Another aspect of our research consists in mobilising complementary sources to reconstitute the links between participants that exist beforehand or that are established as they participate in the events studied. We are particularly interested in links that can be traced from scientific publication data: links of co-authorship in publications, co-participation in special issues of journals or even links of citations.
To do this, we retrieve bibliographic information by mobilising the content of publication databases accessible online via API calls. As access to these databases is more or less open and the coverage of these sources varies greatly, we seek to multiply the sources. In order to match all these data, it is necessary to work on disambiguating the names of authors; and to deduplicate the information when it has been retrieved several times from different sources.
For the processing of geographical information from participation data and publication data, we apply the method set up within the framework of the ANR Geoscience and the Netscience project, presented on the Geoscimo website.

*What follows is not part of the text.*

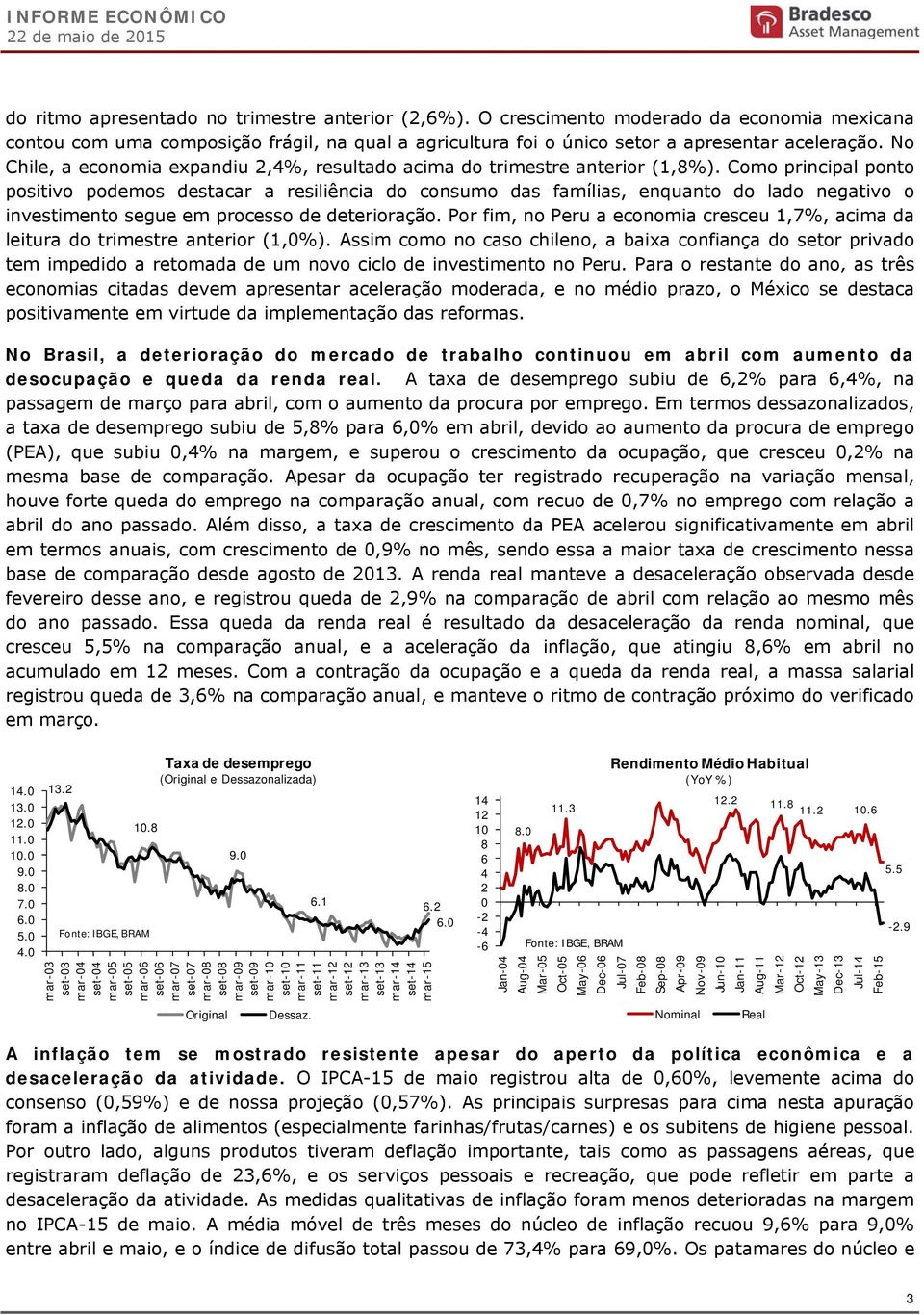 Como principal ponto positivo podemos destacar a resiliência do consumo das famílias, enquanto do lado negativo o investimento segue em processo de deterioração.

This method assumes a first level of structuring of the geographical information, which is the triplet “city, province, country”. To simplify this initial information, the triplets are subjected to homogenisation operations using gazetteers. The automatic geocoding procedure then makes it possible to associate a set of geographical coordinates (latitude and longitude) to each triplet. The coordinates make it possible to locate each scientific publication on a map. In order to work with homogeneous entities on a global scale, the nearby localities are grouped together to obtain agglomerations. After choosing a counting method (fractional counting), geographic information tables on production, collaborations and citations by urban areas or couples of urban areas are obtained. In addition to the statistical and network analyses, the final information is represented using complementary visualization devices: maps, networks and graphs.